**Given records**

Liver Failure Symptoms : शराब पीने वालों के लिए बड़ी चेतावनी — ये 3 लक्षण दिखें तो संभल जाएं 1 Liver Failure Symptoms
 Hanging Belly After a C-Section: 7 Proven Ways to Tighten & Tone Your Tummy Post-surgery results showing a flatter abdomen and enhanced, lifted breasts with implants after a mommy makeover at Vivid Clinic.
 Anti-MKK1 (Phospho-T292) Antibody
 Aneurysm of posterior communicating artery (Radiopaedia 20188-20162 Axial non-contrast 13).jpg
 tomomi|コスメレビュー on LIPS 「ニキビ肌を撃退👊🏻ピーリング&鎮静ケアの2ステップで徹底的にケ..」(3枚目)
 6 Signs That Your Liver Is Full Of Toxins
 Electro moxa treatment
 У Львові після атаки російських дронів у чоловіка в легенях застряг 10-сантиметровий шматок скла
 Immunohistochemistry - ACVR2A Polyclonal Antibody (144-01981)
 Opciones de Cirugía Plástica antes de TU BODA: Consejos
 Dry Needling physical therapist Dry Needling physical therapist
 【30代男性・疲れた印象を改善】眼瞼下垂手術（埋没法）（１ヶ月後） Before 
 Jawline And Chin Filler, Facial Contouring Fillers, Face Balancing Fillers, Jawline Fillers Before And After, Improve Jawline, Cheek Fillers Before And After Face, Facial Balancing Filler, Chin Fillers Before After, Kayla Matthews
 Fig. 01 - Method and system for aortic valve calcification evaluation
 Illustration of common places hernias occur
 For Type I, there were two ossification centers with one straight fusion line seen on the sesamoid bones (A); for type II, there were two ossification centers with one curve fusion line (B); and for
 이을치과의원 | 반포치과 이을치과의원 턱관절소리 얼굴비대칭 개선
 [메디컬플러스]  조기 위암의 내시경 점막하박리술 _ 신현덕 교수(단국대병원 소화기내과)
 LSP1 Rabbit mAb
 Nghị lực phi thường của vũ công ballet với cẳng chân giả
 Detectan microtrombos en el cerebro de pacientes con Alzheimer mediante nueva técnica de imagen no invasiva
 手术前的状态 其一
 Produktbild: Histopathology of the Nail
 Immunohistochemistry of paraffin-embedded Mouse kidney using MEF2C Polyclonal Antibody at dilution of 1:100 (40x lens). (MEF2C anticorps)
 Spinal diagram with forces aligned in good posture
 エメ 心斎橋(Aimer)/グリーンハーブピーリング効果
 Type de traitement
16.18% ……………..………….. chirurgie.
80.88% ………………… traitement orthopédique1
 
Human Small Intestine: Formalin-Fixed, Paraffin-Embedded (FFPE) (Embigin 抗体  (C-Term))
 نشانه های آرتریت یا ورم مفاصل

**Problem to work on**
Going through the data above, return each line with the word "Type".

**Exercise response**
 For Type I, there were two ossification centers with one straight fusion line seen on the sesamoid bones (A); for type II, there were two ossification centers with one curve fusion line (B); and for
 Type de traitement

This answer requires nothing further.